What shall I do now? Can anyone help me with this problem or does someone have any other idea so I can get the network to work. 

Thanks in advanced.

/Krister


----------



## yongari@ (Aug 16, 2010)

Open a new PR about this and let me know the PR number.
Also make sure to include the output of "pciconf -lcbv" in the PR.


----------



## krilen (Aug 16, 2010)

Thank you.

Have submitted a PR with information, i386/149720.

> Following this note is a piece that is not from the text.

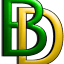 briandoucettemusic.com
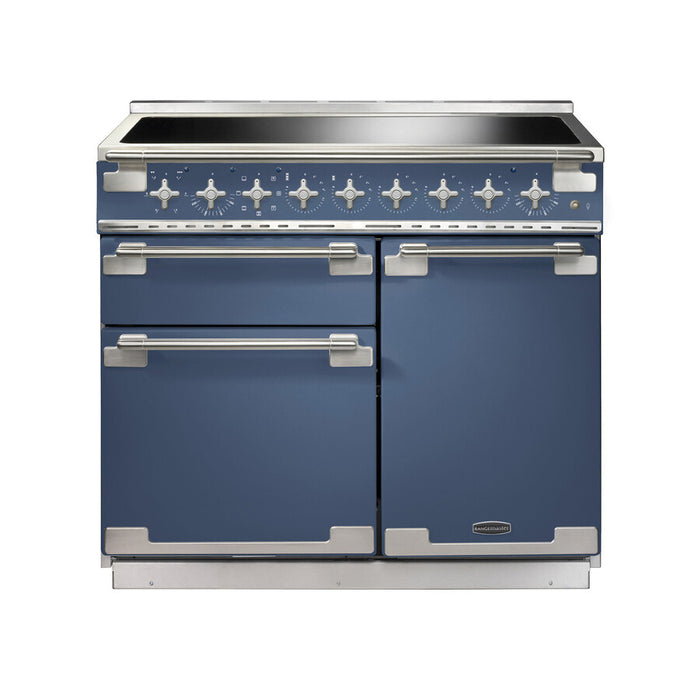 Falcon Elise 100cm Electric Induction Cooker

http://www.freebsd.org/cgi/query-pr.cgi?pr=149720

Let me know if anything else is needed.

/Krister


----------



## yongari@ (Aug 17, 2010)

Unfortunately the output of pciconf show no network devices on your box. This means pci(4) on FreeBSD didn't see any ethernet controller on your box.
By chance, did you disable the ethernet controller in BIOS menu?
Does other operationg system can see the controller?


----------



## krilen (Aug 17, 2010)

As i described in the PR I installed Ubuntu 10.04 Server i386 and the networked worked out of the box.

This was yesterday. After I got your information about creating a PR I installed Ubuntu to check the controller, it worked perfectly. After that I reinstalled FreeBSD 8.1 and now the controller don't work.

The only BIOS changed I did was the boot order changes for installing. But after the the installation was done and the system rebooted I changed them back.

/Krister


----------